In April this year Turner and Growers, which owns the Kerifresh depot, went to the High Court at Whangarei in a bid to stop the recycling station being built next door. The court threw out the certificate of compliance, saying the FNDC could not have carried out a proper assessment based on the information supplied by Northland Waste. One of the failings, Turners and Growers claimed, was that the FNDC failed to assess whether the waste station would comply with the air quality chapter of the District Plan. In the latest development Turner and Growers has hit out at the FNDC for trying to remove the air quality chapter from its District Plan.

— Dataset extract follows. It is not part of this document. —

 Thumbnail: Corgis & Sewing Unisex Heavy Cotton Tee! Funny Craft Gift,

Turner and Growers fears that if Northland Waste were to reapply for a certificate of compliance under the modified District Plan it would be granted, and Kerifresh could be forced to shut down due to strict food safety regulations for fruit exports. ''Plan Change 14 is clearly designed to deny Turners and Growers the fruits of its successful high court litigation and to enable Northland Waste to establish a waste transfer station on Waipapa Rd,'' lawyer Bronwyn Carruthers said in a letter to the FNDC. However, the FNDC said its proposal was unrelated to the waste transfer station issue. It aimed to streamline the way the FNDC and the Northland Regional Council administered the Resource Management Act.

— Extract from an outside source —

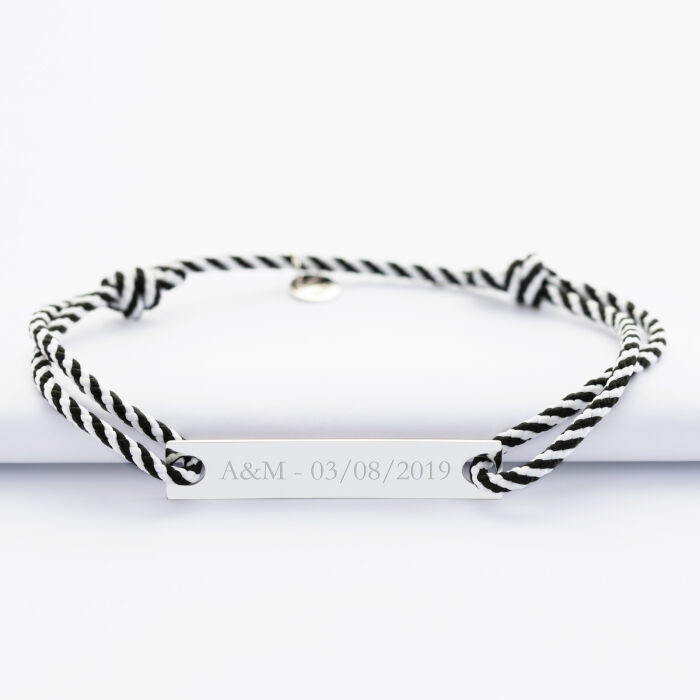 Bracelet homme personnalisé cordon tressé marin médaille gravée argent cible 20 mm initiales date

Spokesman Richard Edmondson said the FNDC had never issued a resource consent under Chapter 12.6 (Air) of the District Plan, and the question of why the plan had an air chapter had been raised for a number of years. The need for a resource consent under the chapter was triggered only if an NRC air discharge consent was needed. The NRC agreed it was a double-up so the FNDC was proposing to remove the chapter and insert new assessment criteria in other parts of the plan. "The proposal is about removing duplication of processes, not relaxing rules governing air discharges in the district,'' Mr Edmondson said. The change would mean the council did not have to consider air discharges when assessing a certificate of compliance for activities that complied with the District Plan - but anyone proposing an activity involving air discharges would have to make sure it complied with the Regional Air Quality Plan and get a discharge-to-air consent from the NRC if it didn't.

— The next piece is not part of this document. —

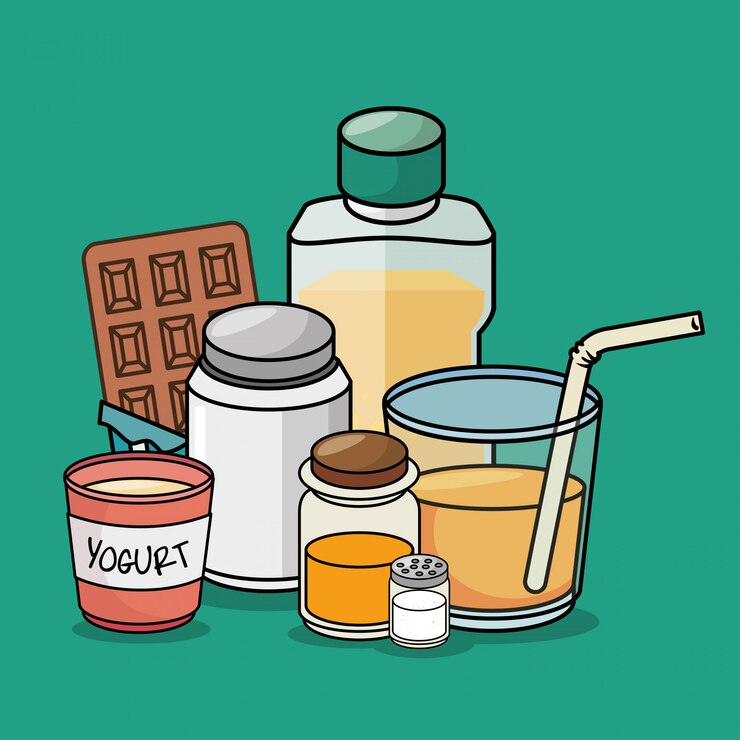Vetor grátis gráfico de itens de desenho animado de café da manhã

In its submission against Plan Change 14, Turners and Growers said it was "extremely disappointed'' it was not consulted about the proposal, when the Pork Industry Board and the New Zealand Institute of Horticulture were. Air quality rules were necessary because of the ``peculiar nature'' of the Far North's District Plan, which was entirely effects-based and did not limit the kinds of activities allowed in land-use zones. Ironically, an attempt by the Far North District Council to do just that failed earlier this year. Plan Change 8, which sought to limit industrial and commercial development along Waipapa Rd and Kerikeri Rd, was rejected by independent commissioners after an outcry from property owners.